While IKEA is continuing to see interest going into its third week on the market, other real estate experts questioned the longevity of that excitement.


"Obviously there has been a huge amount of interest in the store, but a lot will depend on how it does in the longer term," said Amanda Spring, managing director at DTZ Moscow real estate agency. "Right now, I think it is very much of a novelty."


IKEA currently is averaging over 10,000 visitors on weekdays and 25,000 on weekends, according to the company. About 35 percent of those visitors are buying goods. The food court is attracting 4,000 to 5,000 people on weekdays.


"The thing I am most happy about is I had expected many foreigners to come, but more than 95 percent of those visiting the store are Russians," IKEA director Dahlgren said. "That is exactly what we wanted."

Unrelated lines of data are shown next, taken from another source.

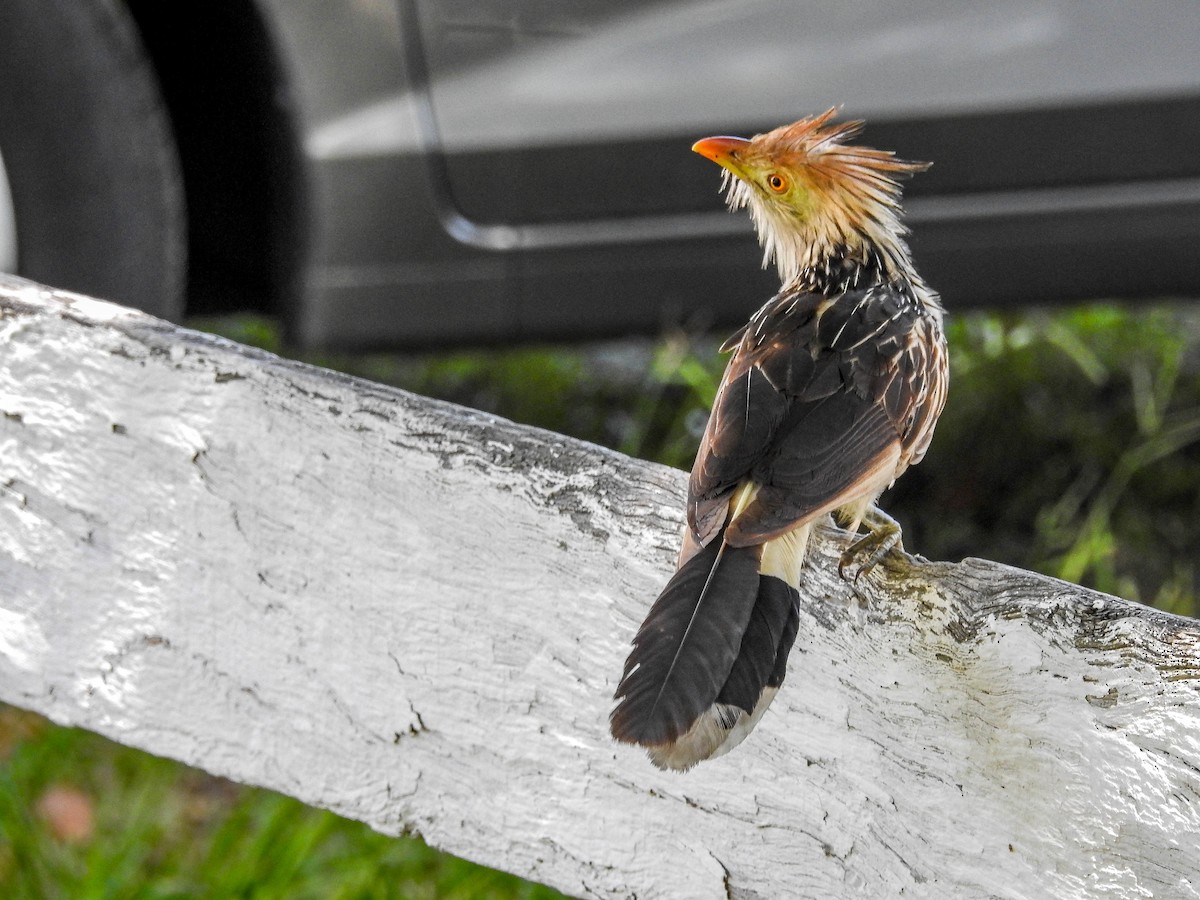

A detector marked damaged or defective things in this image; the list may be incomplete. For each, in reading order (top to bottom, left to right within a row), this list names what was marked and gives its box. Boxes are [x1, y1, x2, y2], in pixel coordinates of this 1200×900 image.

peeling white paint [2, 277, 1200, 900]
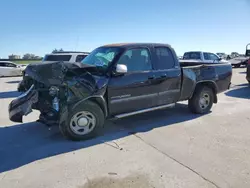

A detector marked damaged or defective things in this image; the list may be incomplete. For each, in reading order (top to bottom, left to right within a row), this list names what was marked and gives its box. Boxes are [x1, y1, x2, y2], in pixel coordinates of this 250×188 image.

damaged front end [7, 61, 107, 125]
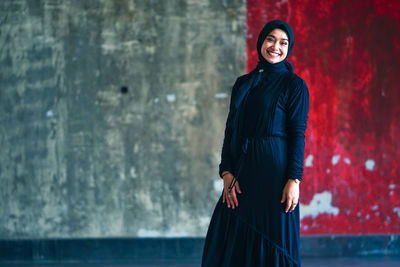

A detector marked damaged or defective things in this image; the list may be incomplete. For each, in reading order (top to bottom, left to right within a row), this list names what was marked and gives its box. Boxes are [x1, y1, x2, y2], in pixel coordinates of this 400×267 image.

peeling red paint [247, 0, 400, 234]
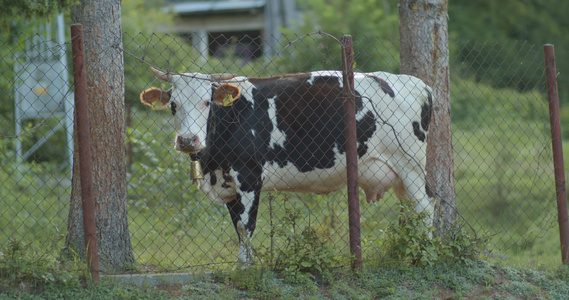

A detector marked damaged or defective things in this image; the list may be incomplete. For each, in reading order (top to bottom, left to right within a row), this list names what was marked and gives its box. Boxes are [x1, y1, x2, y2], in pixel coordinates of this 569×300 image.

rusty metal fence [0, 31, 560, 274]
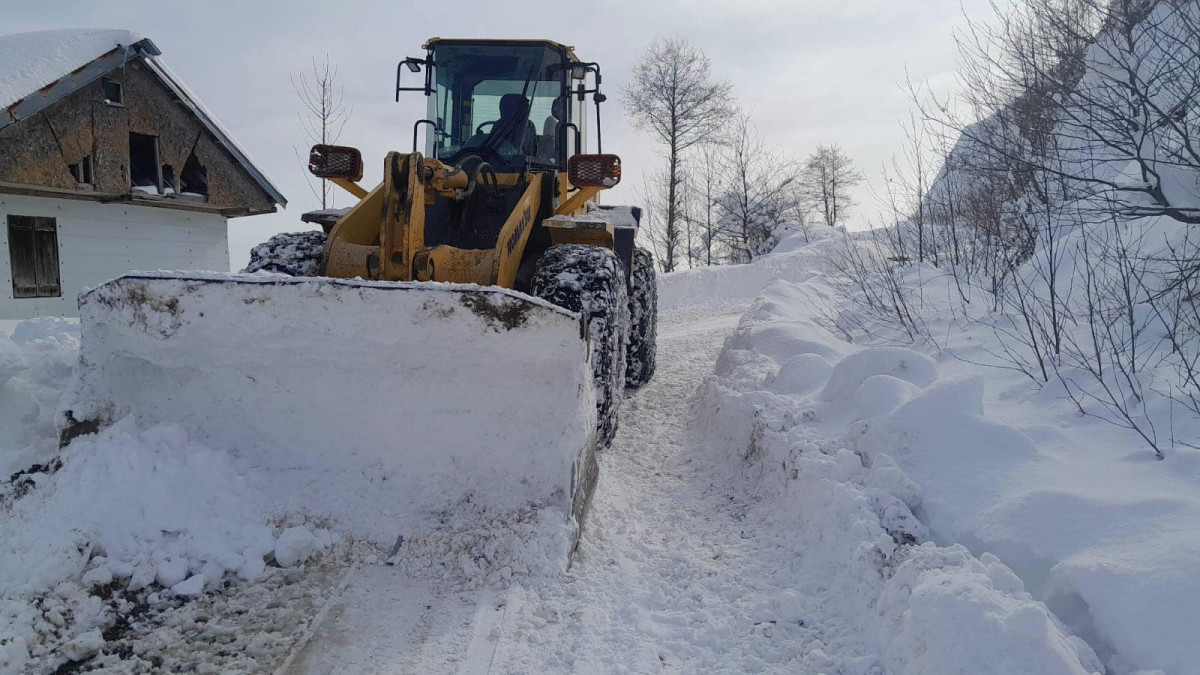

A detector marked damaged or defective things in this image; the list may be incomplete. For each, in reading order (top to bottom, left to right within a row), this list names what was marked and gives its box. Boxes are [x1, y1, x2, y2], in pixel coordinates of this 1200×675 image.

broken window [102, 77, 123, 105]
broken window [68, 154, 93, 182]
damaged wall [0, 60, 276, 213]
broken window [129, 132, 162, 193]
broken window [177, 151, 206, 195]
broken window [6, 213, 60, 297]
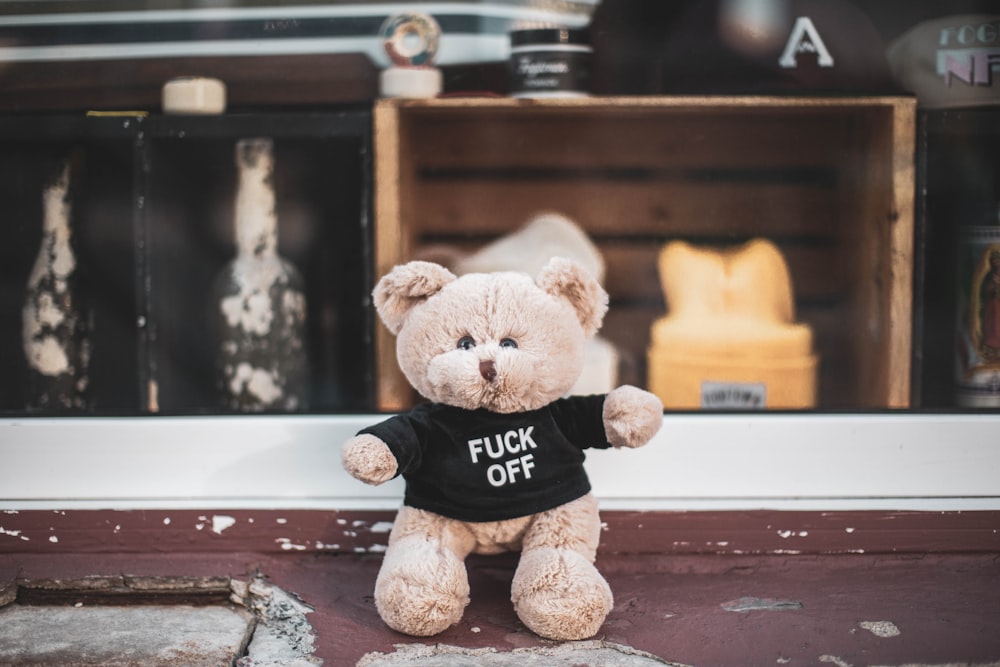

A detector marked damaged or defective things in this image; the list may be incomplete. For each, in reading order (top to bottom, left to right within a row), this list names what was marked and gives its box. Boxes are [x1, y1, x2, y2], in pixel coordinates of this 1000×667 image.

IKEA officials said at the store opening that they hoped to see a steady stream of 15,000 visitors a day within three years - after the shopping center with dozens of boutiques, a multi-screen cinema, food court and perhaps a bowling alley is built.


No leases have been signed yet for the shopping center, but retailer interest is high, Stiles & Riabokobylko said.

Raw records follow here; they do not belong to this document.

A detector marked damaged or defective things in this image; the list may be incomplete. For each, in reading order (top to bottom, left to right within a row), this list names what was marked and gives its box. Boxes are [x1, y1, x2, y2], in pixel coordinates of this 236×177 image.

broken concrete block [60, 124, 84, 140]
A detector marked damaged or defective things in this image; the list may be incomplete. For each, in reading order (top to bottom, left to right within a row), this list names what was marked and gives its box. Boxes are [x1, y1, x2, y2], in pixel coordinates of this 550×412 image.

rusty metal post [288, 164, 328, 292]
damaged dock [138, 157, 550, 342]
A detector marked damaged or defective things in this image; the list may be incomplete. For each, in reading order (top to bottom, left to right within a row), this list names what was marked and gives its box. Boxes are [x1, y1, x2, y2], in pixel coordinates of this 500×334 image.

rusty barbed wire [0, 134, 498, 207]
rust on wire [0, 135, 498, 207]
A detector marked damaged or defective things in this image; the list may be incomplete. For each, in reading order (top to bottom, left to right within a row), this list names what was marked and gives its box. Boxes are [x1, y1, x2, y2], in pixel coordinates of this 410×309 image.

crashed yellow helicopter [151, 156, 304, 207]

A date for construction to start on the center depends on the signing of a hypermarket to operate as an anchor tenant, Oreshina said. Construction itself would take six to eight months.


"We feel that the market is waking up and there are very many companies looking for new sites," Oreshina said.


In the meantime, IKEA is already laying out plans to open five more stores in and around Moscow and two in St. Petersburg. The company has already leased a 53-hectare plot of land in the southwestern suburb of Kolmunarka for another outlet and shopping center. That location is also outside of the city limits.


IKEA marketing director Stanberg said, though, that IKEA first would like to open a shop within Moscow and is trying to hammer out a deal with City Hall under which it would be granted land for a reasonable price. Moscow has already offered several sites, but their asking price for a 49-year lease has been much too high, he said.